Wednesday 2 May 2018
Priority Is Overrated
We give scientists great credit for priority, i.e. being the first to discover something important — often far too much, because priority is often a matter of happenstance and does not reflect the ability of the discoverer.
Let me use my own work as an example (neatly projecting false humility while being self-promoting). Probably my most influential paper was the PPoPP '03 paper I wrote with Jong-Deok Choi on hybrid dynamic data race detection — 400+ citations so far. (Incidentally that paper was rejected by PLDI, a good reminder that publication reviews are a bit of a lottery.) The key idea was to combine two different existing dynamic race detection methods, lockset and happens-before, applying the expensive happens-before detection to a "synchronizing" subset of memory accesses. AFAIK we were the first to publish that idea, and it has been used by most practical race detectors since. Our paper is the top hit when I search for "hybrid race detection". Does describing it first imply that Jong and I were especially talented? Absolutely not.
For one thing, a very similar approach combining happens-before checks with lock-based analysis was present in the paper "Detecting Access Anomalies In Programs With Critical Sections" by Dinning and Schonberg in 1991 (which we cited). Our work was new and good, but it wasn't unprecedented.

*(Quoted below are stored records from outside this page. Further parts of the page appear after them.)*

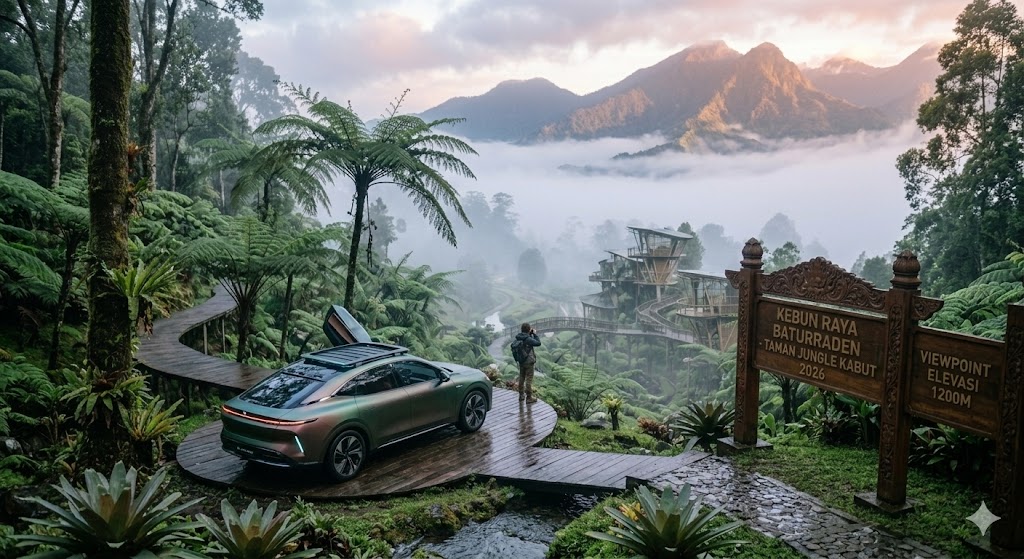 10 Mobil Terbaru yang Siap Meluncur di Indonesia 2026: Dari Toyota BZ5X, Xpander Hybrid hingga Honda Zero Saloon, Persaingan Otomotif Makin Panas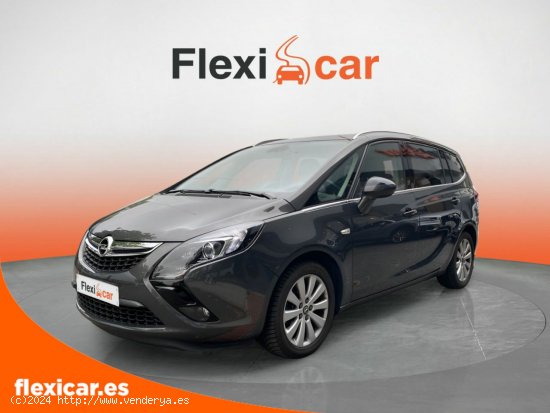 Opel Zafira Tourer    1.6 CDTi S/S 136 CV Excellence - 7 Plazas - Vitoria-Gasteiz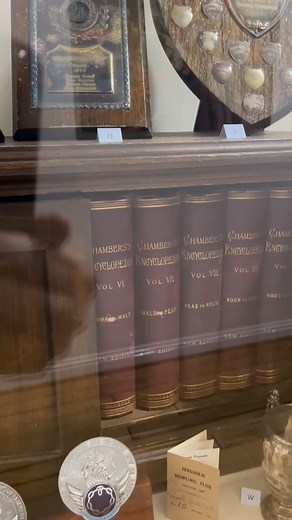 Paisley Thread Mill Museum on Reels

More importantly, the whole field of dynamic data race detection was picking up steam. Both dynamic happens-before and lockset algorithms were prominent and it was only a matter of time before someone combined them. If we hadn't published our work, others would certainly soon have published something similar. We happened to be in the right place at the right time.
One could argue that "being in the right place at the right time" is a very important skill, and that our paper is evidence Jong and I were good at selecting timely problems that would let us write influential papers. That's a useful skill if your goal is to write papers and don't particularly care what they're about. It's less useful if you have a specific problem to solve.
This matters when you need to evaluate the ability of researchers. When making hiring or funding decisions with some specific problem in mind, be careful not to overweight "first to discover X" facts as a predictor of future success. Ditto if you're looking for teaching or advice.